School Commercialism Hurts All Children, Ethnic Minority Group Children Most of All
Journal of Negro Education, The, Fall 2003 by Molnar, Alex
A number of recent analyses underscore the pervasiveness of the marketing of unhealthy food to young people. They include the books Fast Food Nation (Schlosser, 2001) and Food Politics (Nestle, 2002); several reports from the Center for Science in the Public Interest, among them, "Liquid Candy: How Soft Drinks are Harming Americans' Health" (Jacobson, 1998); the U.S. General Accounting Office's September 2000 report on school commercialism; and a pair of reports "Kids, Commercials, and Fitness" and "Buying Access-The Commercialization of America's Schools," both of which aired in October 2002 on PBS's NOW with Bill Moyers (Firestone, 2002a, 2002b).
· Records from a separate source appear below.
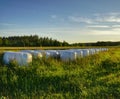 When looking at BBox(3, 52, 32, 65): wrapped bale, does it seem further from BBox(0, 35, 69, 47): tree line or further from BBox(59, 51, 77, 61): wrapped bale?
BBox(0, 35, 69, 47): tree line

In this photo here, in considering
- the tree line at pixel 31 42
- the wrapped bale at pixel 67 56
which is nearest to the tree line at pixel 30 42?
the tree line at pixel 31 42

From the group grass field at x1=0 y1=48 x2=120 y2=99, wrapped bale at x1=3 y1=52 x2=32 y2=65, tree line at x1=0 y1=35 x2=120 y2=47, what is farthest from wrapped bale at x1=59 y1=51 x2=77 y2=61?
tree line at x1=0 y1=35 x2=120 y2=47

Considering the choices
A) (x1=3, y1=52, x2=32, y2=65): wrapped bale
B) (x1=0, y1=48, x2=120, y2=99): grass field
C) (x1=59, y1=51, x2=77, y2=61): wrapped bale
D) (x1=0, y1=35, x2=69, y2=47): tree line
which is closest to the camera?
(x1=0, y1=48, x2=120, y2=99): grass field

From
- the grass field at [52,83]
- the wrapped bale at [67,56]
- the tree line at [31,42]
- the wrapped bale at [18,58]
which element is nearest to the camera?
the grass field at [52,83]

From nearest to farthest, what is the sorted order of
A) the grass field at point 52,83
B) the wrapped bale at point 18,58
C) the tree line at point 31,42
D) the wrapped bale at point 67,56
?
the grass field at point 52,83 < the wrapped bale at point 18,58 < the wrapped bale at point 67,56 < the tree line at point 31,42

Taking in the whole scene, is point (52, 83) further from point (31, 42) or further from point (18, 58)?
point (31, 42)

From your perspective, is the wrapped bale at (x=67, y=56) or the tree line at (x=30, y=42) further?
the tree line at (x=30, y=42)

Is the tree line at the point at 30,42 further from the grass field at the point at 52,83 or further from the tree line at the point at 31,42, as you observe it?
the grass field at the point at 52,83

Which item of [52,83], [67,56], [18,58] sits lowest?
[52,83]

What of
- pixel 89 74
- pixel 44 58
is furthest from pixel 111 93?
pixel 44 58

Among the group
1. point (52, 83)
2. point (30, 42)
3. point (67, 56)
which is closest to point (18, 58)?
point (52, 83)

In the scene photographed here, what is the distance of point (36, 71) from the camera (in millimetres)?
10758

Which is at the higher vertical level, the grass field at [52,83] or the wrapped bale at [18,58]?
the wrapped bale at [18,58]

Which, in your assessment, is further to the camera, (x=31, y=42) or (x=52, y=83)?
(x=31, y=42) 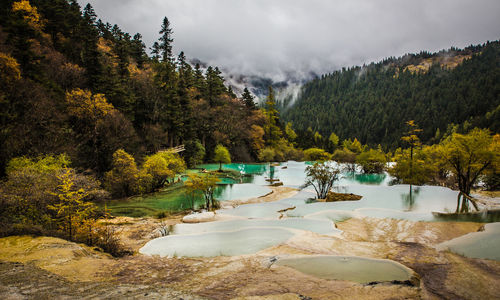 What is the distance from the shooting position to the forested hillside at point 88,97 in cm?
1584

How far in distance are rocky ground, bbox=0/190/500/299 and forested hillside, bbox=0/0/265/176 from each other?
1321cm

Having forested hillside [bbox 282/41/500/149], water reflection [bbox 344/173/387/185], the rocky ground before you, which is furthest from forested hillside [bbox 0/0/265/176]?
forested hillside [bbox 282/41/500/149]

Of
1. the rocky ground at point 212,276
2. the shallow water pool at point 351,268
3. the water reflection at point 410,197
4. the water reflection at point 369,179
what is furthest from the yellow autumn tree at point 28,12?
the water reflection at point 369,179

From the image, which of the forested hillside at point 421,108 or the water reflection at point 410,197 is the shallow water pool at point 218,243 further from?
the forested hillside at point 421,108

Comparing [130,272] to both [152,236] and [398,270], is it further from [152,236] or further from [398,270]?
[398,270]

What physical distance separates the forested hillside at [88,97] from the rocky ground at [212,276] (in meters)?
13.2

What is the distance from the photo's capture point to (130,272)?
5.41 m

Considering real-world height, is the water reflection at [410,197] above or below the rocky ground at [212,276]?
below

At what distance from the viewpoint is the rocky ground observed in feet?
13.4

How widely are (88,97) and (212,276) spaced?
77.6 ft

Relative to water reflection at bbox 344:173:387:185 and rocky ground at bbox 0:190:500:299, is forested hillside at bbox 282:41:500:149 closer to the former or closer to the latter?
water reflection at bbox 344:173:387:185

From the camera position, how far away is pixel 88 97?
21.7 metres

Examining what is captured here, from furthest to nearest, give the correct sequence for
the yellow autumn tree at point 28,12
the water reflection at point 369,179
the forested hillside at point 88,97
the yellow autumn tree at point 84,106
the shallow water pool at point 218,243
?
the water reflection at point 369,179, the yellow autumn tree at point 28,12, the yellow autumn tree at point 84,106, the forested hillside at point 88,97, the shallow water pool at point 218,243

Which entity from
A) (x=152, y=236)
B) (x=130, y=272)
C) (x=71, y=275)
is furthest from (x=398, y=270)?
(x=152, y=236) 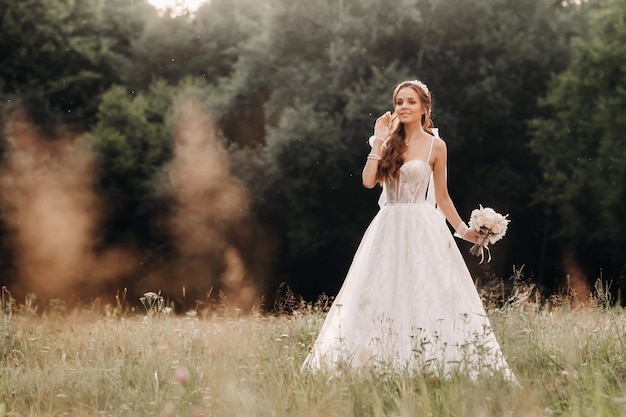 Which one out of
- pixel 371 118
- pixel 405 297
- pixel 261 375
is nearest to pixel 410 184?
pixel 405 297

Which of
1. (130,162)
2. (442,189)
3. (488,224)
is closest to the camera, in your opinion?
(488,224)

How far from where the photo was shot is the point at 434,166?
19.7ft

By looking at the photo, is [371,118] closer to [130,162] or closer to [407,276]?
[130,162]

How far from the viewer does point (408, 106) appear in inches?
235

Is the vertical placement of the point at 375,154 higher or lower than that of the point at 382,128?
lower

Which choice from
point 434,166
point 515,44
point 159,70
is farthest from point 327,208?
point 434,166

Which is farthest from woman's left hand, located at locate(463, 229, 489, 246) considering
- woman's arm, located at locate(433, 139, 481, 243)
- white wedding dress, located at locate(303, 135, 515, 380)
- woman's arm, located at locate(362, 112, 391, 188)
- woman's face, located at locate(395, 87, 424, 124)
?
woman's face, located at locate(395, 87, 424, 124)

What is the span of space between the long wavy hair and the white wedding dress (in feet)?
0.24

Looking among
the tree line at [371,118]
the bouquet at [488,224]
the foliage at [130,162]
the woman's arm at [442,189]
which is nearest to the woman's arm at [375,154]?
the woman's arm at [442,189]

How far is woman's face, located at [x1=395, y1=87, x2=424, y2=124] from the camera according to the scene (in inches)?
235

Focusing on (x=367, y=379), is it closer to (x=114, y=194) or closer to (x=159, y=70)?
(x=114, y=194)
The CDC's School Health Policies and Programs Study (SHPPS) 2000 found that, of schools surveyed, 80.7% offered for sale to students in school lunch programs baked goods not low in fat, while only 22% offered fruits and vegetables and 49% offered low-fat baked goods. The same study found that 76.4% sold chocolate candy, while only 12% sold fruit or vegetable juice (CDC, 2001). Such trends demand an examination, not merely of school policies on what foods and other products are offered to students, but the extent to which marketers, by placing materials in schools, may be driving up the demand for unhealthy food choices and undermining school curricula seeking to educate students in healthy food choices.
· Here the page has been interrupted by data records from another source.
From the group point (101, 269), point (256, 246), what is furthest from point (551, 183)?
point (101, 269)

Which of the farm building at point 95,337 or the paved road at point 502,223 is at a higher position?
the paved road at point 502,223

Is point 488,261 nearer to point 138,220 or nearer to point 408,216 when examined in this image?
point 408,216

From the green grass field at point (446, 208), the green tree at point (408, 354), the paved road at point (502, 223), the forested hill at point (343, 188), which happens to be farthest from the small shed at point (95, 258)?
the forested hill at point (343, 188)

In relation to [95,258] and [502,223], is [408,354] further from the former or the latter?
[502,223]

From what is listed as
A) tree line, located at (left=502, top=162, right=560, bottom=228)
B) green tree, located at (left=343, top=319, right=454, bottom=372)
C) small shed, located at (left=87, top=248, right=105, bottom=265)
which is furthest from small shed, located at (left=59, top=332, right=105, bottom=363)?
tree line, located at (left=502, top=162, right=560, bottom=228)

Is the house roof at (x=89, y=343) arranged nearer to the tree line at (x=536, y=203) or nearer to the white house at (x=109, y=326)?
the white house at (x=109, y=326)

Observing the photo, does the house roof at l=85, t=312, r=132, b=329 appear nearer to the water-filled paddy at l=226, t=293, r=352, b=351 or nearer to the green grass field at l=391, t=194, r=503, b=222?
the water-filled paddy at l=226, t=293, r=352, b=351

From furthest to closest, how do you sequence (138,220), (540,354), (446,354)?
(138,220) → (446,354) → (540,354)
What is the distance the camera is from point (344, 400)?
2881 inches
A study in 2001 that examined students confirmed an association between rising softdrink consumption and obesity (Ludwig, Peterson, & Gortmaker, 2001). In addition, some studies have found higher rates of fractures in female high school athletes who consume larger amounts of soft drinks, suggesting that the decrease of milk in their diets may be contributing to symptoms of osteoporosis even in adolescence. In September 2002, the respected British medical journal The Lancet editorialized:
The soaring increase in obesity and type 2 diabetes among children is a public-health crisis, plausibly linked to the "toxic environment" created in large part by the food industry. Supersize or extra-value portions mean that a single meal can provide more calories than most children require for an entire day. ("Selling to," 2002, p. 959)
COMMERCIALISM AND IMPOVERISHED CHILDREN
Although commercialism has negative effects across the board, its impact would appear to be most severe among the poor. Schoolhouse commercialism thrives because public schools lack resources, and those resources are most absent in the central city schools attended by poor children of ethnic minorities. To understand what drives schools to open their doors to commercial entities, one merely has to consider the words of a school superintendent in Brooklawn, New Jersey, whose district named a new gymnasium for a local supermarket. The naming agreement is for a period of 20 years, in return for $100,000-a donation that amounted to little more than enough each year to cover maintenance costs (Russakoff, 2001). Defending his decision to sell the naming rights of the building, Brooklawn Superintendent John Kellmayer, said, "American corporations spend billions of dollars on the Olympics. all we're saying is: Why don't you spend some of that on our public schools?" (Graham, 2001, p. Al).